Na etapa final, o Senado reclassificou para pagamento de menos impostos mais de 20 bens e serviços. Os deputados, no entanto, derrubaram a maioria delas, mas ampliaram benefícios para a Zona Franca de Manaus, entre eles a inexplicável isenção para a única refinaria de petróleo da região, pertencente à Atem, que não produz desde junho e importa quantidades acima das que fornece a capital amazonense.
A reforma ideal deveria respeitar o limite de 26,5% de alíquota de referência já desde sua aprovação. O Congresso, no entanto, entendeu diferente e deixou ao Executivo a iniciativa de recalibrar ao longo do caminho bens e serviços nos diferentes regimes específicos com alíquotas diferenciadas. Isso não será um obstáculo enorme porque o texto aprovado preservou as características básicas da reforma, o que a equipara aos regimes internacionais semelhantes: cobrança no destino e unificada, não cumulatividade plena.
O governo terá de enviar ao Congresso projeto de lei complementar em 2033, quando o regime entra em operação integral, para recalibrar as isenções e abatimentos, se for o caso, e manter a alíquota de 26,5%. A universalização da cobrança que o IBS e CBS permitem dificultarão muito a sonegação, a emissão de notas frias e sua falsificação, ampliando a arrecadação. Por outro lado, a não cumulatividade será poderoso incentivo para que setores que se beneficiam de tributação, como o Simples e empresas que se utilizam do crédito presumido, recolham o imposto para se creditar da aquisição de bens, serviços e insumos para sua operação.

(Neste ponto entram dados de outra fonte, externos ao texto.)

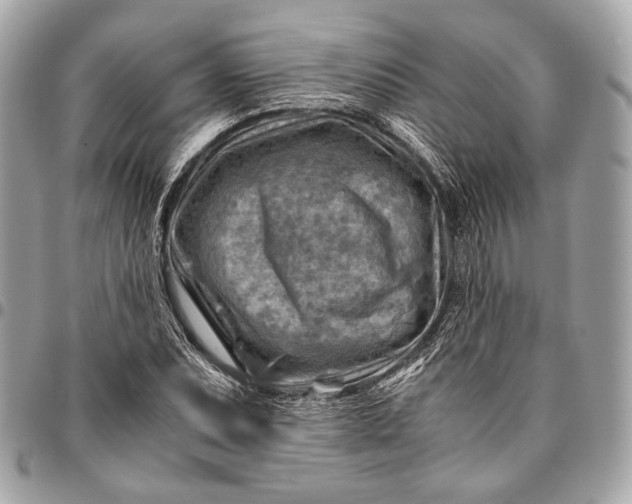 X0000096441071200802071743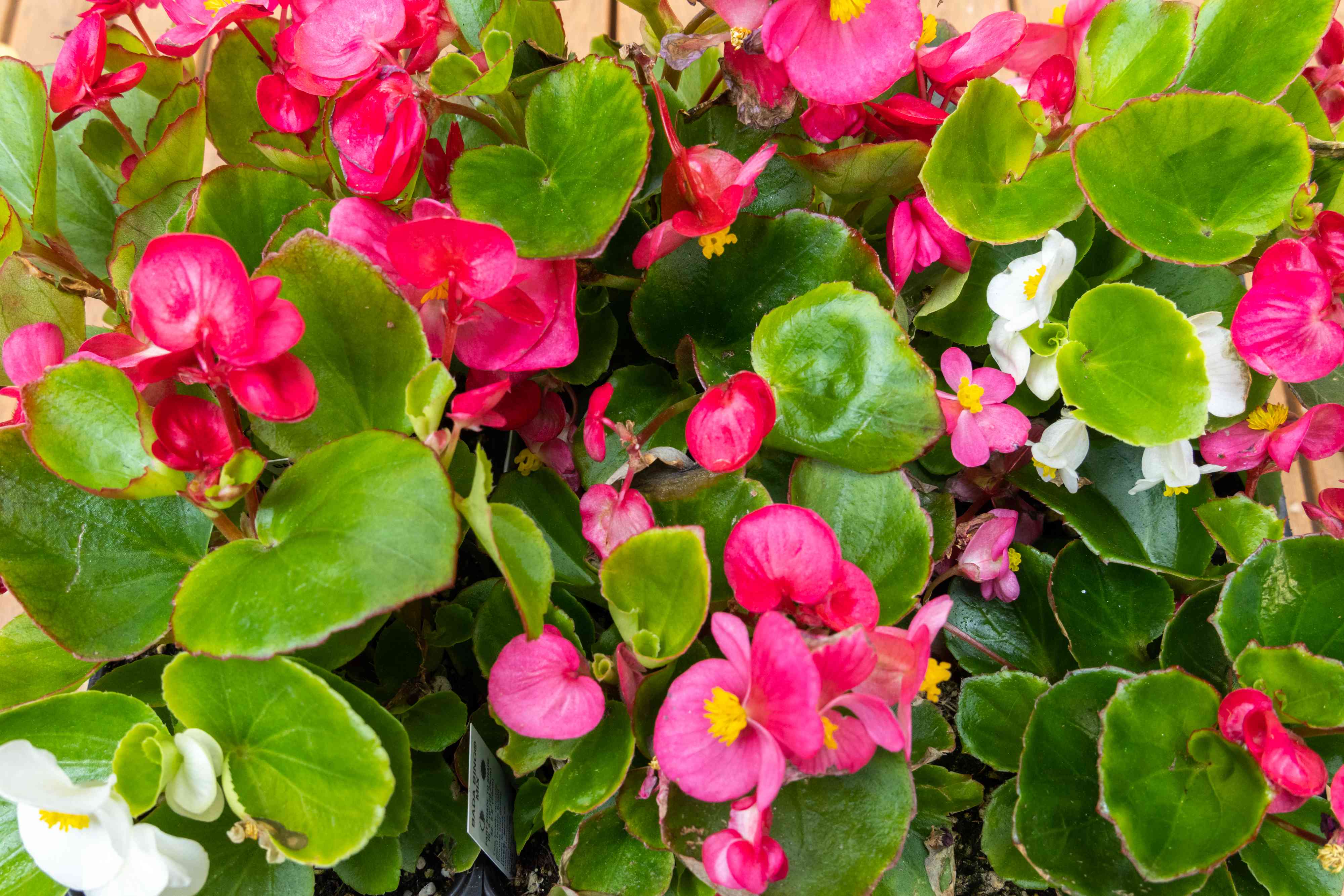 Step-by-Step Begonia Planting Guide for Gardeners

“O melhor passou”, afirmou Bernard Appy, secretário extraordinário da Reforma Tributária do Ministério da Fazenda. Ele acredita que a arrecadação crescerá sensivelmente e que será viável a manutenção da trava de 26,5% - ou até mesmo, com o tempo, a redução gradual da alíquota geral. Além da obrigação de projeto de lei do Executivo para rever e recalibrar bens e serviços, haverá avaliação geral obrigatória a cada cinco anos para averiguar a adequação dos grupos tarifários aos resultados que deles se esperam, inclusive os classificados no IS, que inclui veículos, bebidas açucaradas, embarcações e aeronaves, cigarros, bebidas etc. Na fase final, o Congresso fez correção necessária na taxação da mineração, isentando de impostos a exportação de minérios.
Haverá um bom período de transição. Em 2026, o regime começa a ser testado, com cobrança de 0,1% do IBS e 0,9% da CBS. Em 2027 acabarão PIS-Cofins e IPI e começará a cobrança do IS. Com os mecanismos de avaliação e correção assegurados na reforma, é importante que o presidente Lula sancione logo e sem vetos o texto aprovado pelo Congresso. Com todas as suas falhas, que podem ser eliminadas ao longo do caminho, ele consagra uma reforma histórica, que poderá aumentar a produtividade da economia e reduzir o absurdo custo de conformidade a que o velho regime obrigava. É um enorme avanço.